Gaga’s apology now seems to acknowledge that she worked with Kelly not in spite of the allegations against him but because of them. “As a victim of sexual assault myself, I made both the song and video at a dark time in my life, my intention was to create something extremely defiant and provocative because I was angry and still hadn’t processed the trauma that had occurred in my own life,” she wrote. “The song is called ‘Do What U Want (With My Body)’, I think it’s clear how explicitly twisted my thinking was at the time.”
In recent years, Gaga has spoken with increasing frankness about being raped by an unnamed music producer when she was a teen. Her 2015 single “Til It Happens to You” was about surviving assault, and she mentioned the song in her R. Kelly apology. Other singles, such as 2013’s “Swine” and 2016’s “Diamond Heart,” raged at some violative male pig. “Do What U Want,” she now suggests, was all along part of this lineage—the sound of a woman finding solace after the appropriation of her body, in “defiant and provocative” fashion.
But it wasn’t a dare she stood behind for long. Just months after “Do What U Want” debuted, Richardson’s video was shot and then shelved—because of “mismanagement,” Gaga said, but reportedly also to avoid blowback. Shortly after, Gaga recorded an alternate version of the song that swapped in Christina Aguilera’s vocals for Kelly’s. Now, five years after the initial release, she’s disavowing the tune entirely, and inviting perfectly valid criticism for sending royalties Kelly’s way all this time.
It’s a strange story, but also a cautionary one for “provocateurs” now pushing back against #MeToo. Disgraced men have reemerged as unabashed trolls, with Kevin Spacey playing the villain in a home movie and Louis C.K. telling extra-vile jokes. Other entertainers—facing tests of their relevance just as Gaga was in 2013—have talked up their own bravery in allying with dicey figures. Nicki Minaj, for example, cited Gaga’s work with Kelly when justifying her friendship and collaboration with the rapper Tekashi 6ix9ine, who was convicted of using a minor in a sexual performance. Kanye West rapped lyrics seeming to scoff at #MeToo on a posthumously released song by XXXTentacion, who was accused of brutal domestic violence.

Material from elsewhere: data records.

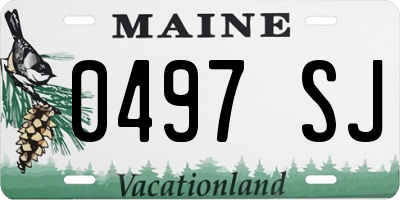 ME license plate 0497SJ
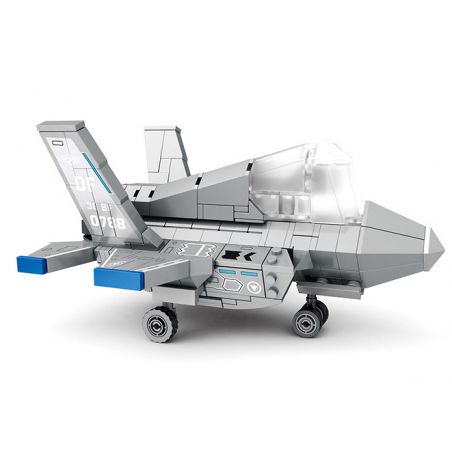 JUHANG TECHNOLOGY 89008 non  PHIÊN BẢN Q MÁY BAY CHIẾN ĐẤU THẾ HỆ THỨ NĂM F-35 LIGHTNING bộ đồ chơi xếp lắp ráp ghép mô hình Military Army F-35 LIGHTNING II Quân Sự Bộ Đội 498 khối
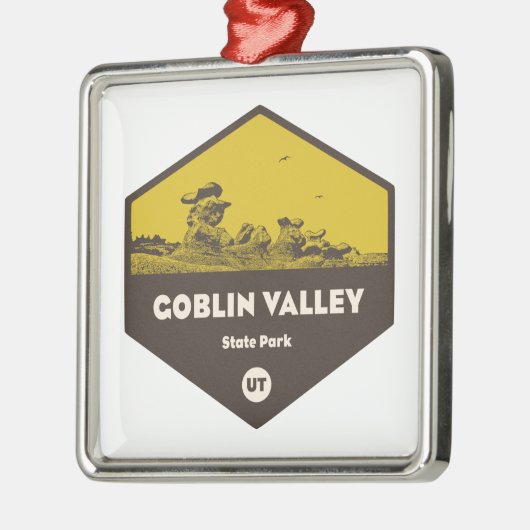 State Park Goblin Valley Metalen Ornament (Links)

Minaj’s single with 6ix9ine is her only true hit in awhile, and West’s XXX verse marked one of the rare times lately that the content of his music has been responsible for his headlines: signs that doing the “dangerous” thing of teaming with accused predators is a sure way to grab attention. But sooner or later, Gaga might warn them, there’s a price to pay for doing so.